◆ RAW DATA:
··········
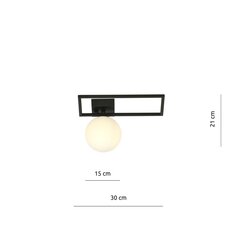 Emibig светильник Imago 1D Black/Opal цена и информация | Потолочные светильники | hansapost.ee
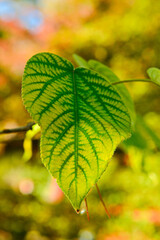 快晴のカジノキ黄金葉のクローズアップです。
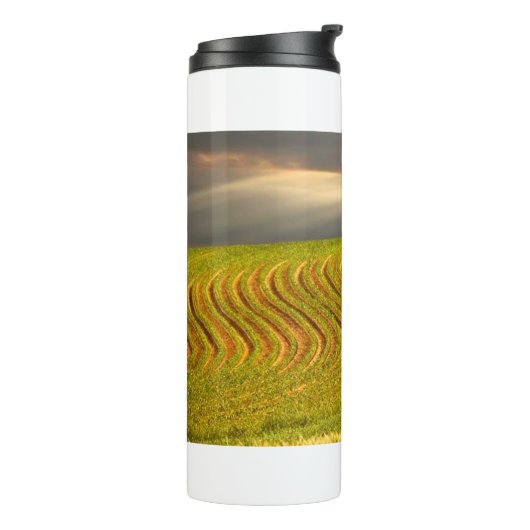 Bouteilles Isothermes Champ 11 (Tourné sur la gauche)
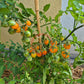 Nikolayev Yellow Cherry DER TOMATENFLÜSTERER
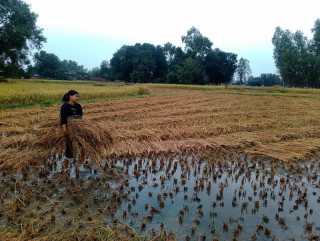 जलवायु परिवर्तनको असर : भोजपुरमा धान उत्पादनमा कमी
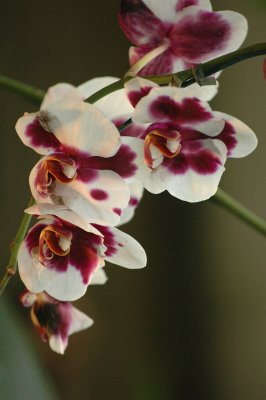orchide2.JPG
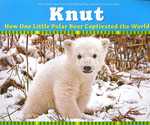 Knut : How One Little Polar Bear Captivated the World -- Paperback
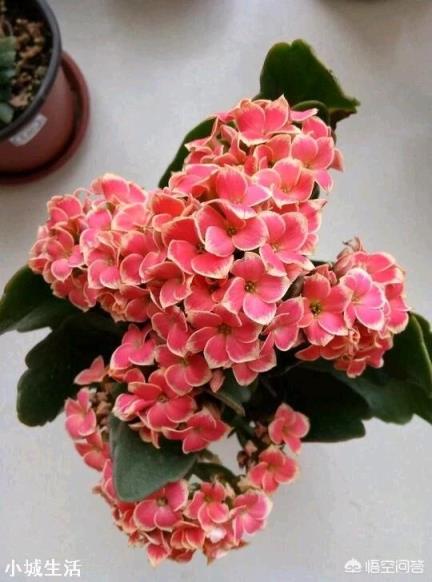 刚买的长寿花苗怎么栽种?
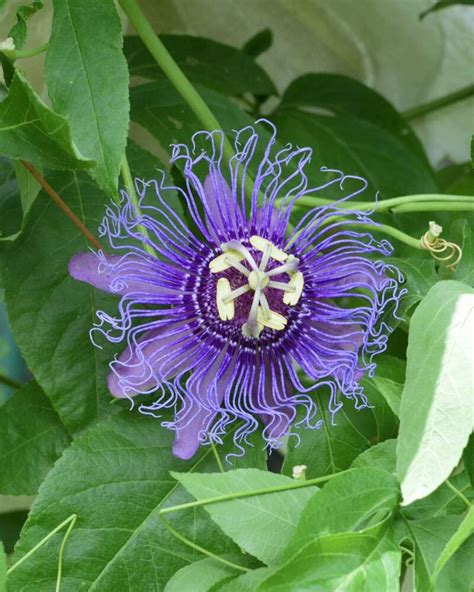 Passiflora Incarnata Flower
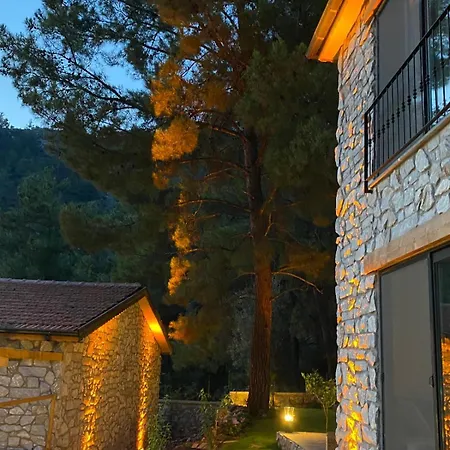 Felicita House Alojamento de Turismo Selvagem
··········
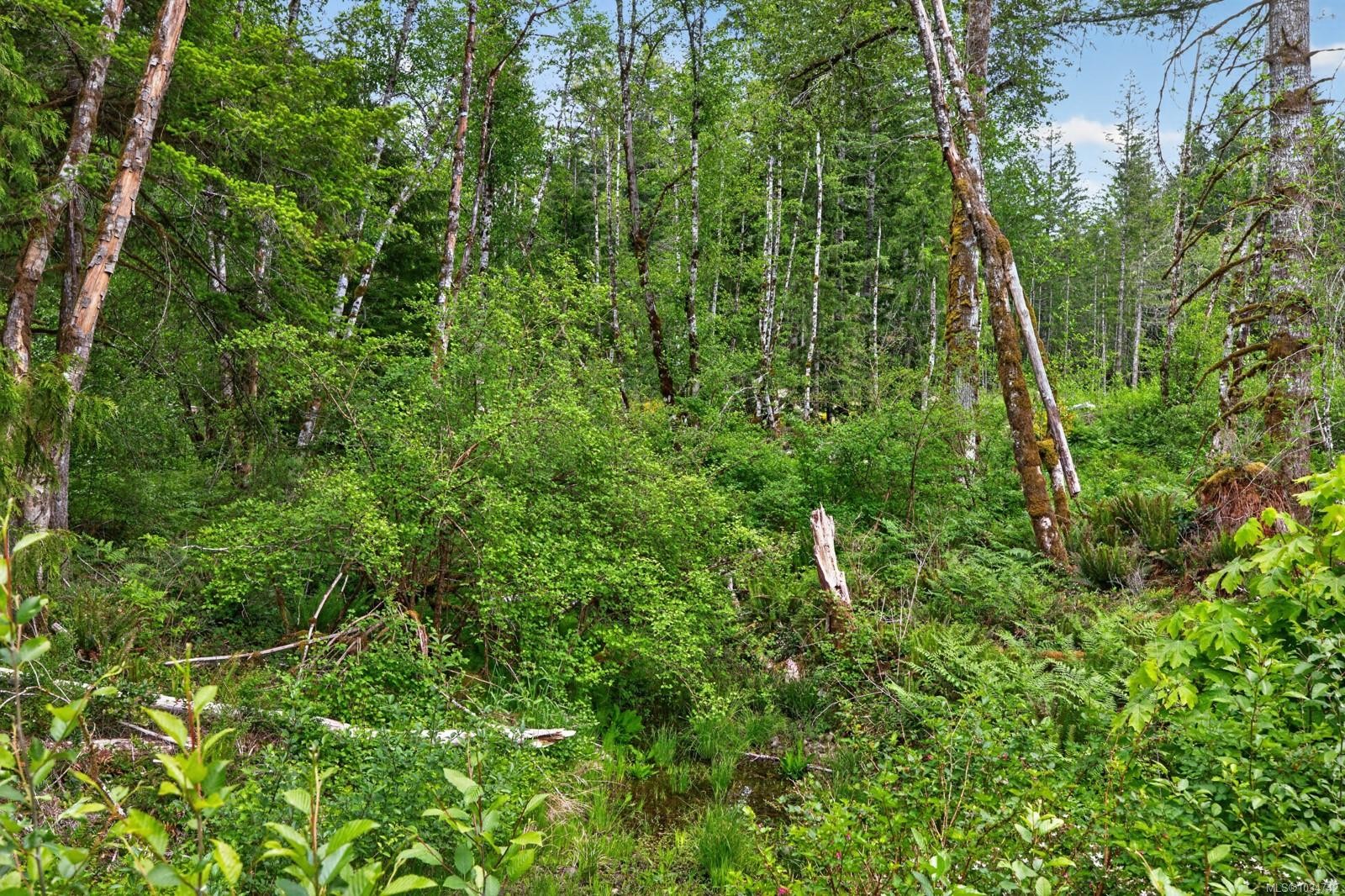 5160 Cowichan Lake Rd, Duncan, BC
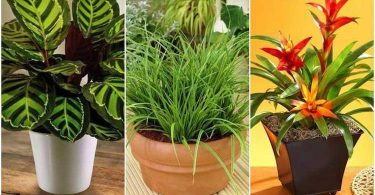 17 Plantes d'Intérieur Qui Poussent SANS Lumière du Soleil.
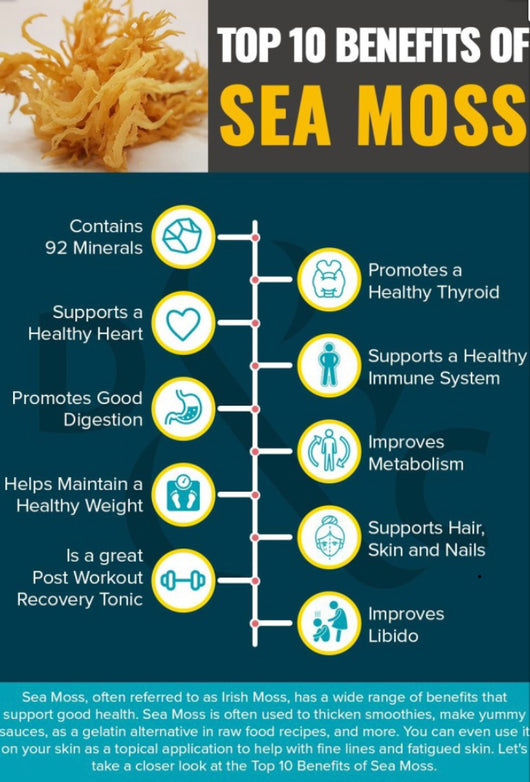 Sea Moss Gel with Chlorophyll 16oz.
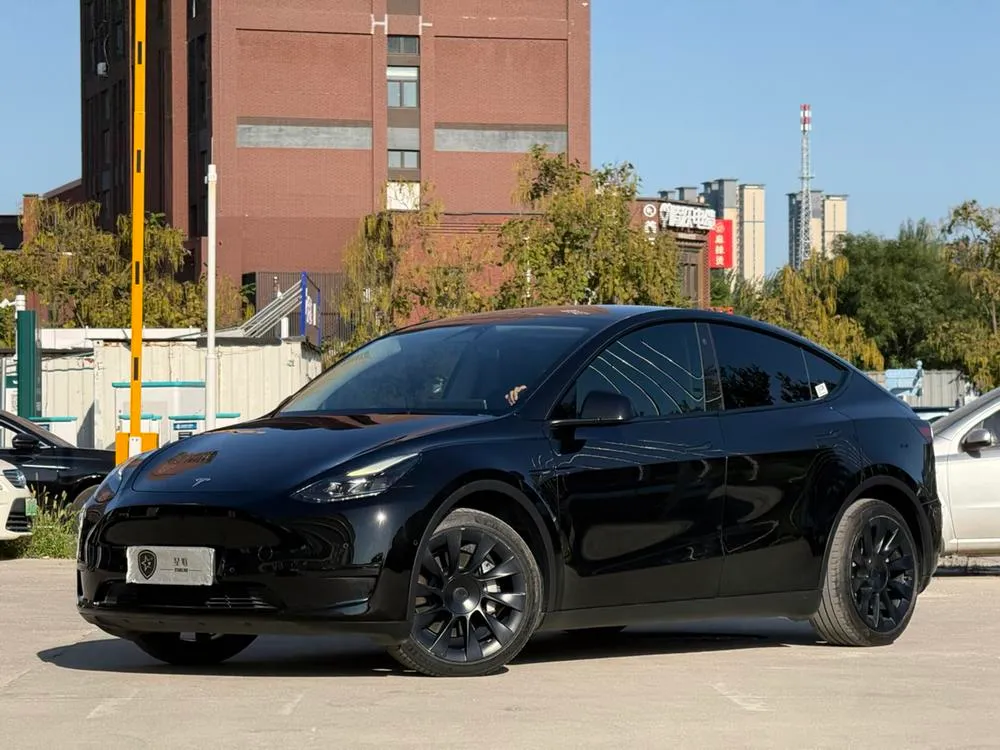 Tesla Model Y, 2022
··········
◆ AIM OF THE EXERCISE:
Write down exactly what the lines above say, from the line holding "17 Plantes d'Intérieur" through the line holding "Tesla Model Y, 2022", and nothing more. Do not copy the pictures.

◆ TASK SOLUTION:
 17 Plantes d'Intérieur Qui Poussent SANS Lumière du Soleil.
 Sea Moss Gel with Chlorophyll 16oz.
 Tesla Model Y, 2022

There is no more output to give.